Talk given at the IEEE Computer Society, Vancouver Chapter, May 20, 2010. [ PDF Slides ]
Abstract: The complexity of computer systems has grown to a point where it is no longer feasible to make them perfectly reliable. In the past, computer systems used techniques such as triple-modular redundancy and type-safe languages to mask
and avoid errors. Such techniques either incur high overheads or require intensive effort from programmers, thereby driving up their costs. As errors become more and more prevalent in commodity systems, it is important to develop software that can anticipate and adapt to errors. In this talk, we propose to build software systems that can produce acceptable outputs in the face of hardware and software errors. The key insight is that many errors are not serious enough to warrant detection and recovery and therefore, it is
sufficient to tolerate the few serious errors that do. Our goal is to provide “good enough” reliability, using low-cost techniques on commodity platforms.
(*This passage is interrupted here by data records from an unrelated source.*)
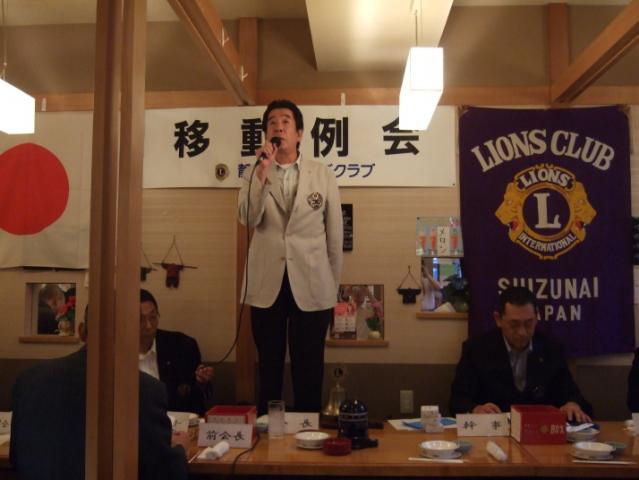 挨拶する会長、L津山茂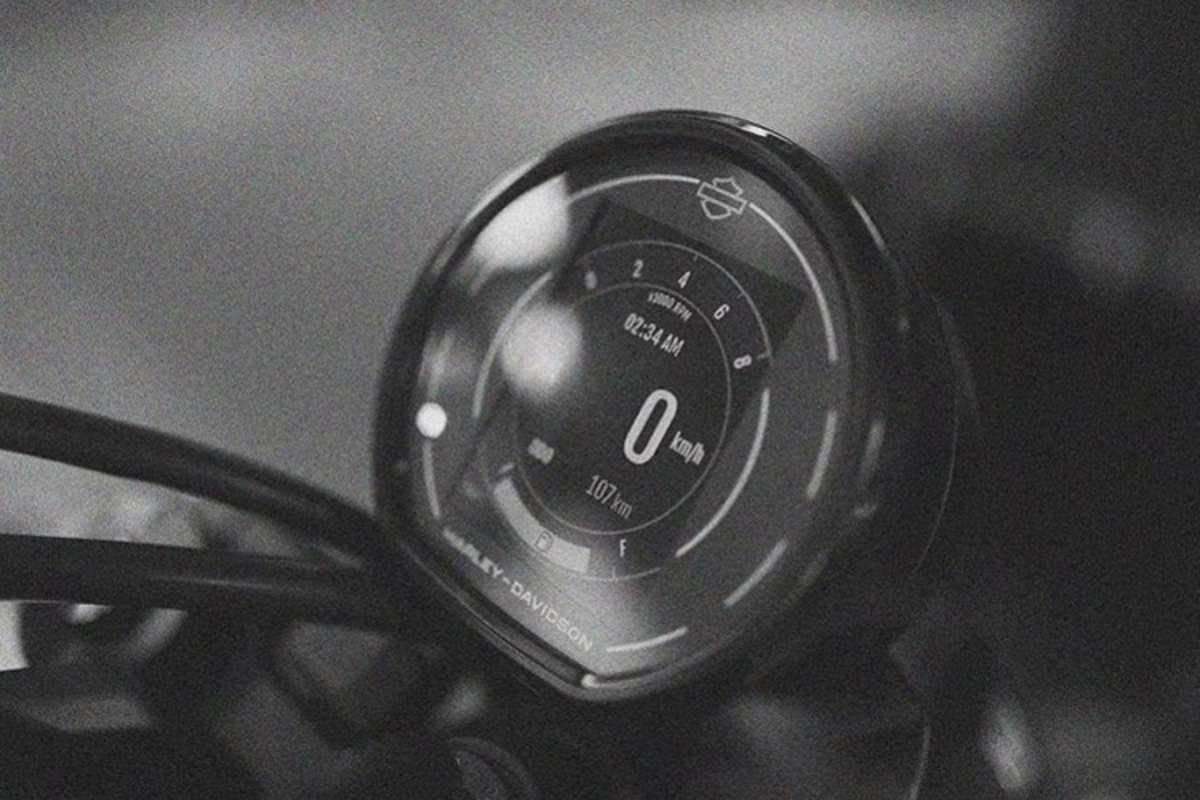 Digitales Rundinstrument verrät uns die Redline bei 8200/min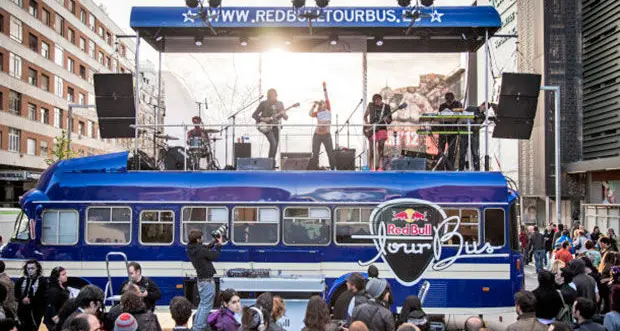 Oggi a Nuoro il Red Bull Torus Bar. Concerti gratuiti dalle sei del pomeriggio fino a tarda sera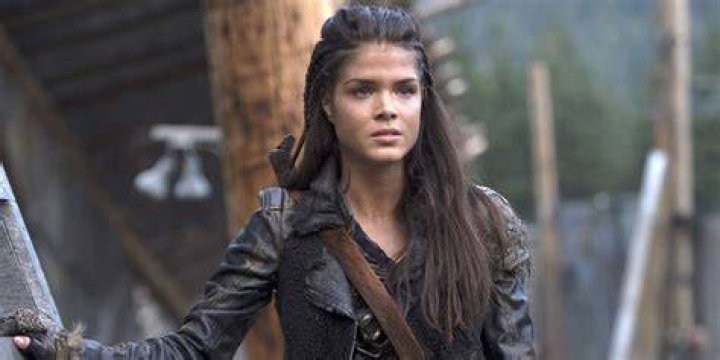 The 100 Season three Octavia Blake At The Campfire
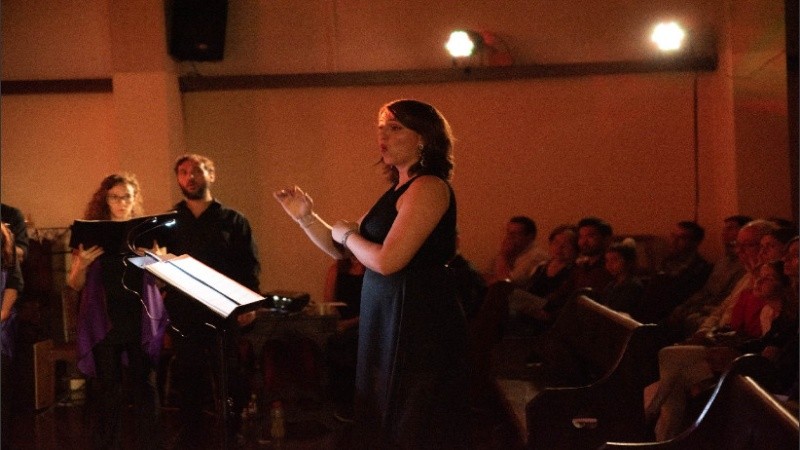 Luján dirige la Agrupación Coral Ad Libitum.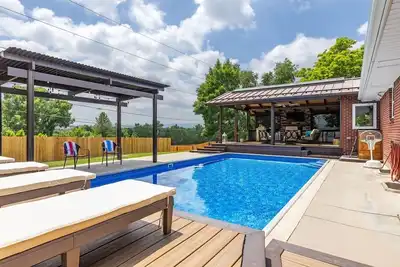 Image de Fun House with Pool, Hot Tub, Cool Outdoor Living Space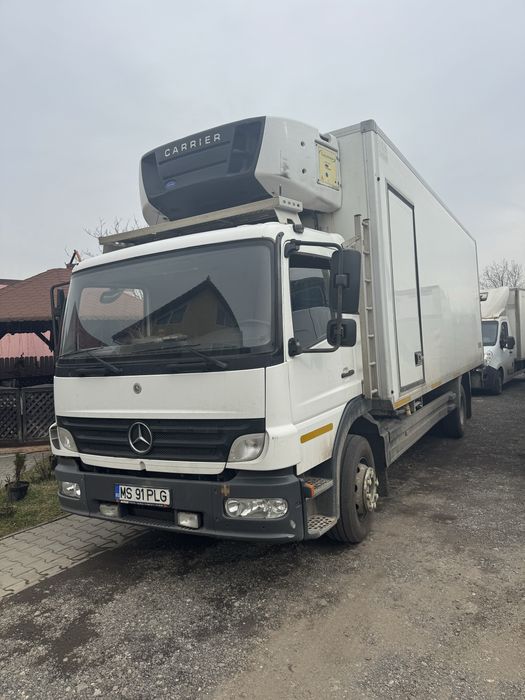 Mecedes-benz atego frigorific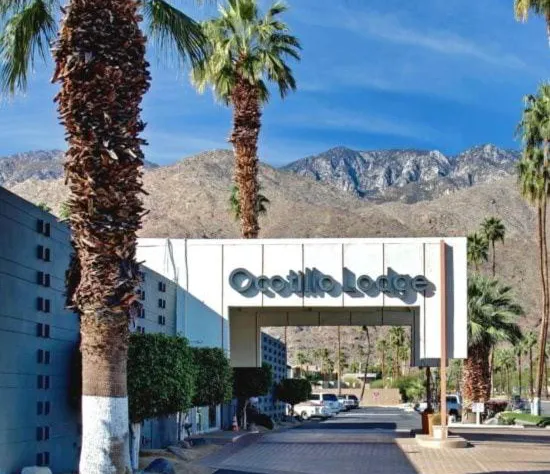 Mid-Century Pad - Ocotillo Lodge condo hotel detail image 1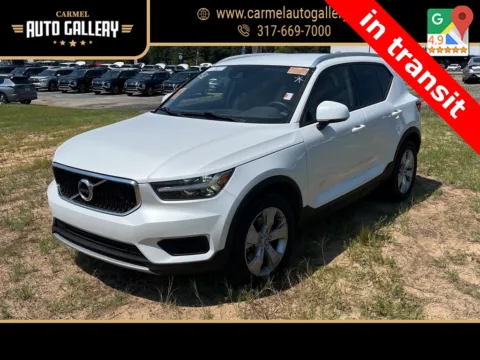 White 2022 Volvo XC40 Momentum for sale in Carmel, IN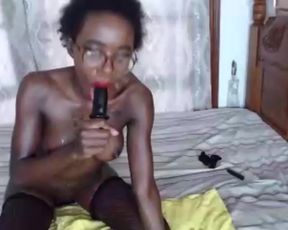 lillycamgirl oil double penetration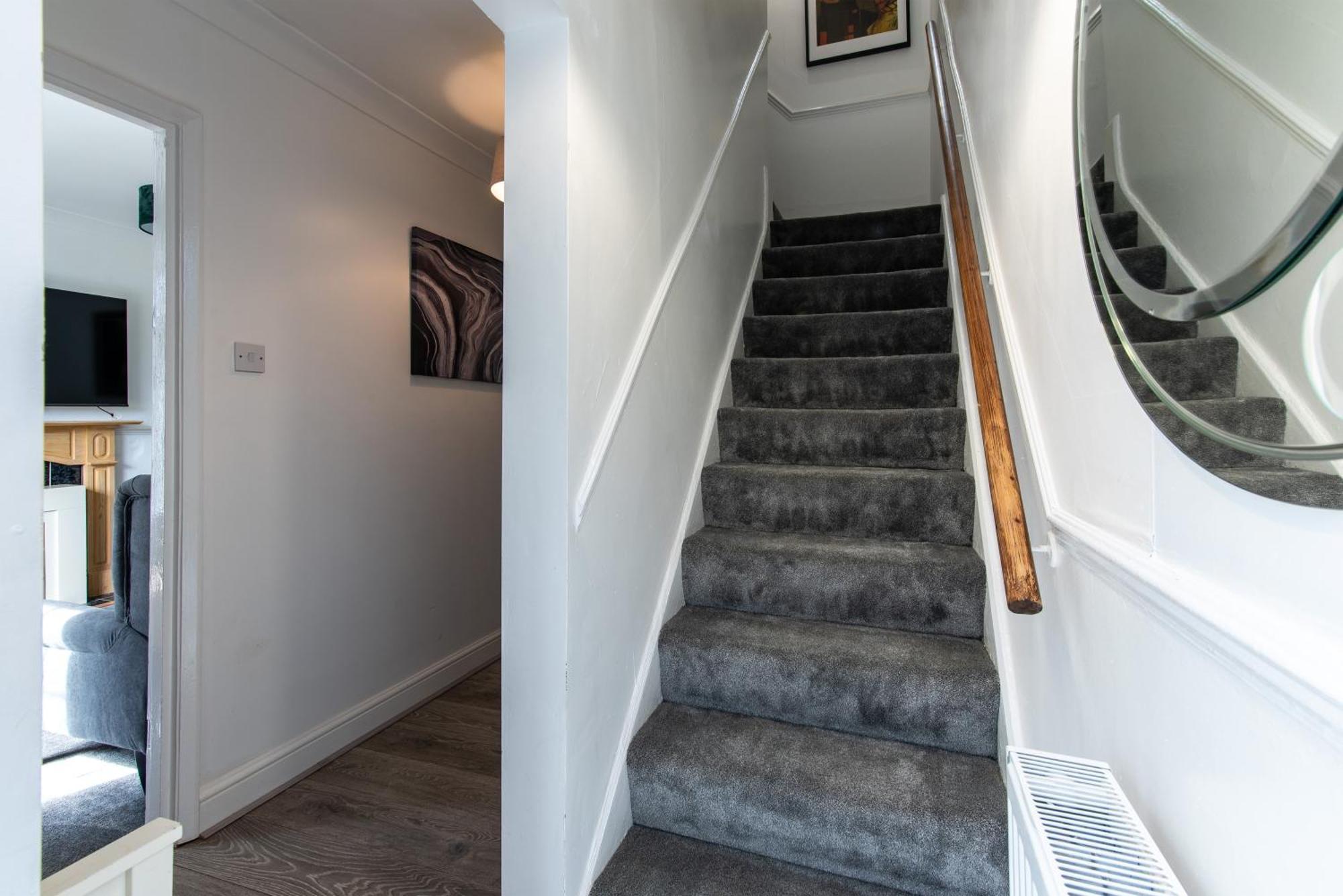 Charming 3-bed In - Prime Location * Nottingham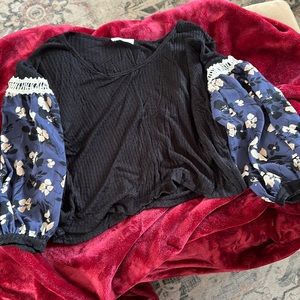 Black waffle ballon sleeve top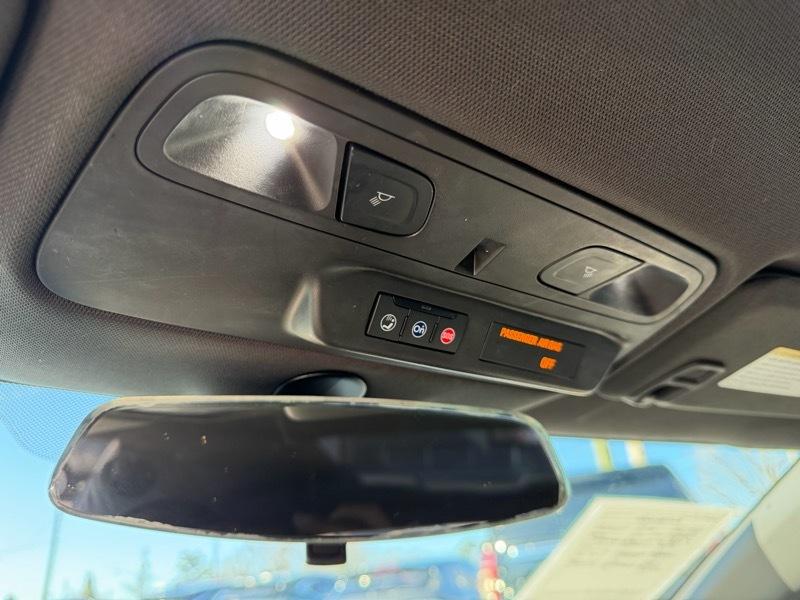 Chevrolet Camaro 1SS 2D Coupe 2021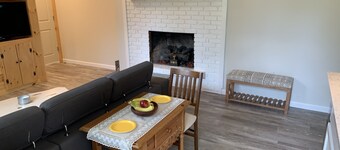 EXCEPTIONALLY CLEAN-SUPER QUIET-VERY COMFY & CLOSE TO
ASHEVILLE !!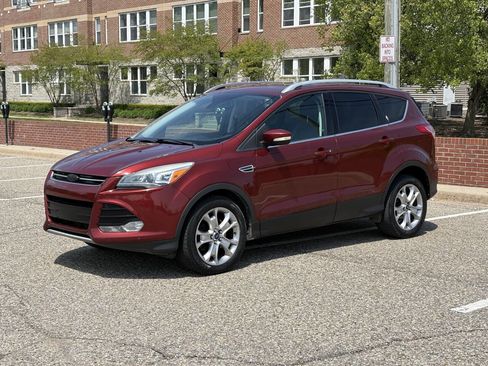 Used 2014 Ford Escape Titanium w/ Equipment Group 401A AWD/4WD image 2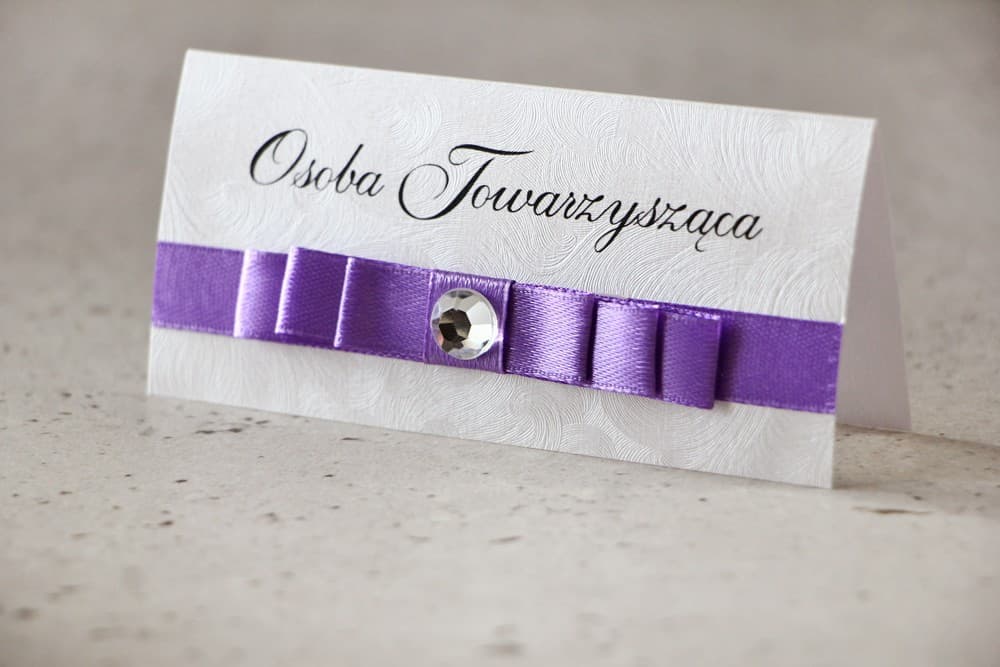 Winietki Ślubne Amaretto nr 7 – Wizytówki na Stół z Kokardką i Cyrkonią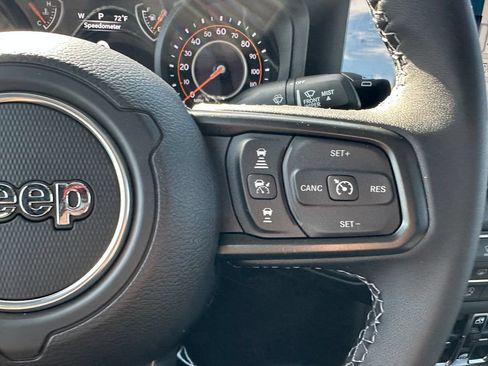 New 2026 Jeep Gladiator Sport AWD/4WD image 19
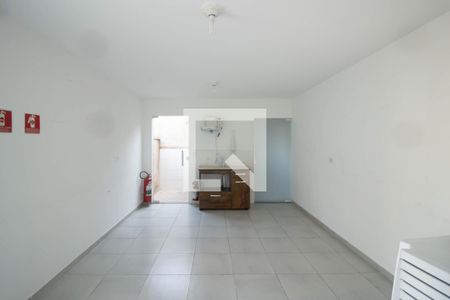 Apartamento para alugar com 44m², 2 quartos e sem vaga Apartamento para alugar com 44m², 2 quartos e sem vagaÁrea comum - Salão de festas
I’ll present two systems that embody the above philosophy, Samurai to tolerate software memory errors, and Flicker, to tolerate hardware memory errors. The systems focus on protecting a subset of the application’s data, called its critical data from errors. Samurai protects critical data from memory corruption errors in untrusted third-party code by replicating the data. Similarly, Flicker achieves significant power-savings by exposing hardware errors to the application, and protecting critical data from such errors.
Finally, I will conclude by looking at the broader implications of the “good enough” approach and future directions.
* The title is based on an article in the Aug’09 issue of the Wired magazine
titled “The Good Enough Revolution: When cheap and simple is just fine”.